Furthermore, The Taste of the Earth brings the traumas and anxieties of wars into verse, looking at the suffering of those who lost their homes, and those who lost the ability to return to them again. Traumas of lost chances, lost worlds, and crushed souls of children and adults alike are shown in many poems such as “Recurrent Dream”, where “war traumas where memories and fantasies collide” and “home is the enemy”; and in “No Man’s Land” and “The Green Line”, the poet graphically details war terrors and sniper scenes. The horrific fear of a mother fleeing a war with two of her babies in “Vanishing Point” pictures the war scene from an actual lived experience, resonating with “Reading by Candlelight”, which captures the war through the news, where “the flames of violence filtered by the TV screen, more virtual each day, still color the news, images hiding the smell of blood and charred skin.”

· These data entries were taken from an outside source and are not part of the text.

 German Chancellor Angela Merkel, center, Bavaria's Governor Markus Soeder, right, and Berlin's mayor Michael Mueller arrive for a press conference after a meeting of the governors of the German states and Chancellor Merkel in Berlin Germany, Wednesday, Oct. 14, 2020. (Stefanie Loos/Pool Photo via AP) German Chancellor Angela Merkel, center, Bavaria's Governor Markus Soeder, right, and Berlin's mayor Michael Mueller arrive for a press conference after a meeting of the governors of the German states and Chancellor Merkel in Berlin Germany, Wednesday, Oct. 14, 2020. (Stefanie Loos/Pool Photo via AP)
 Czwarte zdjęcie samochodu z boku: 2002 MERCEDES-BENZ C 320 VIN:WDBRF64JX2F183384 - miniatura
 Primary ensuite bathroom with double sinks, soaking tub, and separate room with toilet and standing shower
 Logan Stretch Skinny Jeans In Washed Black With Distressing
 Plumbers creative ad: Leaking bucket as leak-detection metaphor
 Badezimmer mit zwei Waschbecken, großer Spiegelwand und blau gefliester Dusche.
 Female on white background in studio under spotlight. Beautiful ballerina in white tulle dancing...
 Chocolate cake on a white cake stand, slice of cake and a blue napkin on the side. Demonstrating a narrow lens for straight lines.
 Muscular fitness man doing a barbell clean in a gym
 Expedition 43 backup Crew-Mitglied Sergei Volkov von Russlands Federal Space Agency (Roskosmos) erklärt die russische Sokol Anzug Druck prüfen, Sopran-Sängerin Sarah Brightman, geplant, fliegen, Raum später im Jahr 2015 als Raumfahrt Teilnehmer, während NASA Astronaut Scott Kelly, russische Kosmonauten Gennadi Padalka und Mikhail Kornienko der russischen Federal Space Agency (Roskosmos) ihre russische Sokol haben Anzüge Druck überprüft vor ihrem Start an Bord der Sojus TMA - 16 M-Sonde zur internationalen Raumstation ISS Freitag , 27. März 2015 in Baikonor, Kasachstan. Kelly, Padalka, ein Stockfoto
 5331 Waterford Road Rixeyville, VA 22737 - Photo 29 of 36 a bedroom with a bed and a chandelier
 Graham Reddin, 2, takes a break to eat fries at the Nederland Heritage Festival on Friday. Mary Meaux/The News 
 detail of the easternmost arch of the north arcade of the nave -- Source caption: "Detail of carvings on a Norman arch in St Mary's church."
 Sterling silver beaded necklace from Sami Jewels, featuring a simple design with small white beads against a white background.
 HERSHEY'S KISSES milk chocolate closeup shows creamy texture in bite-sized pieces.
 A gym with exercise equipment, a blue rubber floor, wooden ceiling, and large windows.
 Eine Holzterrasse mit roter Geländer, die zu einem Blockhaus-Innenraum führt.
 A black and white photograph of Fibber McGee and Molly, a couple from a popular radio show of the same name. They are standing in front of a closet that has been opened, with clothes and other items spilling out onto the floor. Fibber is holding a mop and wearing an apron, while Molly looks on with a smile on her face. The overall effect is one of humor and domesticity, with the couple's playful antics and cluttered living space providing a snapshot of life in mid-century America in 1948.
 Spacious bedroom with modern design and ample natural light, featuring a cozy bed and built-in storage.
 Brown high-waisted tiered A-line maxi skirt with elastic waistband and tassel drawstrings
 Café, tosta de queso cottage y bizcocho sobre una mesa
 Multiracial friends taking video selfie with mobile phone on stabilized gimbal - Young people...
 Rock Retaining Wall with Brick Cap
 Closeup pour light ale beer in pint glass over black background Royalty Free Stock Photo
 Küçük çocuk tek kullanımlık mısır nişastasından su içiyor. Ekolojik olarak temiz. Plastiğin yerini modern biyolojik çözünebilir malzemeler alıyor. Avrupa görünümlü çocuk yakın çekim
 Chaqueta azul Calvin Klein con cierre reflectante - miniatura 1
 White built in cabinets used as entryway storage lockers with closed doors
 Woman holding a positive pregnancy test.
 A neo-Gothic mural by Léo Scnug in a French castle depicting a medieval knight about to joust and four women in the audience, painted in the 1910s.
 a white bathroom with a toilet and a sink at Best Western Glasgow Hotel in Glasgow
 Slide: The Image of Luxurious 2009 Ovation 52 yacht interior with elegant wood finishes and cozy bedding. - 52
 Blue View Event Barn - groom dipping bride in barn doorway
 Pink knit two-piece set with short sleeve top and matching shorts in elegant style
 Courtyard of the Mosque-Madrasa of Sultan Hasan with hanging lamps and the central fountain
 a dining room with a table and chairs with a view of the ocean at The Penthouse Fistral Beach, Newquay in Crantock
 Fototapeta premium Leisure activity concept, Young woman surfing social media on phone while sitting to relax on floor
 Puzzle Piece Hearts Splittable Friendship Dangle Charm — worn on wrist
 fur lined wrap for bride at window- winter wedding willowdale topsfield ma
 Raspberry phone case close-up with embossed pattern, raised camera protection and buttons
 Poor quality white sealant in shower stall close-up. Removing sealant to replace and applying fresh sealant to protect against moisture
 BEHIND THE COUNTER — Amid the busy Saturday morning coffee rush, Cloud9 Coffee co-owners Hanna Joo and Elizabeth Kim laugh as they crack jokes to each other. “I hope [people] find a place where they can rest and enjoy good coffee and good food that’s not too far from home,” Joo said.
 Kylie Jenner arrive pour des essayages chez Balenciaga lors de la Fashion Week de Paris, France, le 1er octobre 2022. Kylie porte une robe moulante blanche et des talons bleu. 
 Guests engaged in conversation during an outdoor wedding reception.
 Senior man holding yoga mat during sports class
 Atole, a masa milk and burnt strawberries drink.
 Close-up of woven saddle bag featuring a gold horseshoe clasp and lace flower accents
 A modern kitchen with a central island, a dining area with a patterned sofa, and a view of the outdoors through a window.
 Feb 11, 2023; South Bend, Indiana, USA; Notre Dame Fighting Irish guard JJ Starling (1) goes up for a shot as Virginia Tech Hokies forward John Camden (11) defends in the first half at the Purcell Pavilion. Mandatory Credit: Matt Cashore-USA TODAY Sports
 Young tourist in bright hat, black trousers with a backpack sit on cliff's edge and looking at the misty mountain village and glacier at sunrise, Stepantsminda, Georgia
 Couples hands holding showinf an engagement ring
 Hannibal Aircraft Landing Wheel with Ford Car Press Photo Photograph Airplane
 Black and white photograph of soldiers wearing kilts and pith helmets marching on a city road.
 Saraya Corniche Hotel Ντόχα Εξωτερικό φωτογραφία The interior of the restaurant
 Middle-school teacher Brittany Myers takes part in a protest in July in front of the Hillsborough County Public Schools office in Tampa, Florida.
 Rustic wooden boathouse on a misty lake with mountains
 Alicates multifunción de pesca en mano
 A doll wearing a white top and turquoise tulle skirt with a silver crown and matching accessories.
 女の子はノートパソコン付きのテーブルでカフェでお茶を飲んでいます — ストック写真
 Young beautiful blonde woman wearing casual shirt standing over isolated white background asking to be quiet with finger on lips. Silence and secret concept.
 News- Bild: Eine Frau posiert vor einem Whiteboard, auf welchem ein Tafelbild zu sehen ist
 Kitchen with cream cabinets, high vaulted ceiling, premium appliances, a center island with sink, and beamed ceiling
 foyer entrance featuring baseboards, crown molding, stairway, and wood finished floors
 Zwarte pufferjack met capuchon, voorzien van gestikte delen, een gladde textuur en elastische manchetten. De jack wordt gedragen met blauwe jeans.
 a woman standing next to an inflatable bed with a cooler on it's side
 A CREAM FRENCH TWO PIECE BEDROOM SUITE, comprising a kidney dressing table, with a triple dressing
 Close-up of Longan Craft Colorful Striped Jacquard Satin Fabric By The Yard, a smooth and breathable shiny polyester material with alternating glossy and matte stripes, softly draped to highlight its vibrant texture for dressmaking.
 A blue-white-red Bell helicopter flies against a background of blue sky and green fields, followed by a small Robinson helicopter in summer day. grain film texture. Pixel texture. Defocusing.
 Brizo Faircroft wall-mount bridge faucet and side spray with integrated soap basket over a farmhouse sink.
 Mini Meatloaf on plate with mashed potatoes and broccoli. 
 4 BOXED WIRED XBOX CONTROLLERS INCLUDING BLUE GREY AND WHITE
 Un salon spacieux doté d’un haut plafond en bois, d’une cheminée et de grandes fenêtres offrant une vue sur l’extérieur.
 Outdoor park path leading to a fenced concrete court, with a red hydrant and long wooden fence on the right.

In “Meditations Over the Eye of Horus” Habra masterfully continues to weave in memories and reflections synesthetically. Six senses unite in the eye of Horus, just like they do in the rest of the poetry collection.  In her meditations, the poet speaks to the collective human soul in the language of poetry, mythology, and history written and carved in the senses, returning to the skin again, which “remembers the scent of essential oils”. Furthermore, to (literally) add to the richly palatable poems, the most exquisitely portrayed sense in “Meditations Over the Eye of Horus”, is that of taste, “grounds us to the earth…Words and tastes are like grains of sand that form and gather, melt and solidify to form the most unexpected natural or man-made monuments”. For Habra, “Each recovered taste/opens a liminal space/ filled with stills and scenes”. And the recovery of taste, along with the other senses, is an art achieved through Habra’s exquisite use of language and her mosaic arrangement of memories and meditations.

With Hedy Habra’s poised and elegant voice in every poem of The Taste of the Earth, the collection is a powerful synthesis of the senses that blurs the line between the mnemonic and the corporeal, experience and emotion. Habra delves into the depth of her inner beauty and wisdom, capturing images of what goes on behind closed eyes—the visions of a creative soul.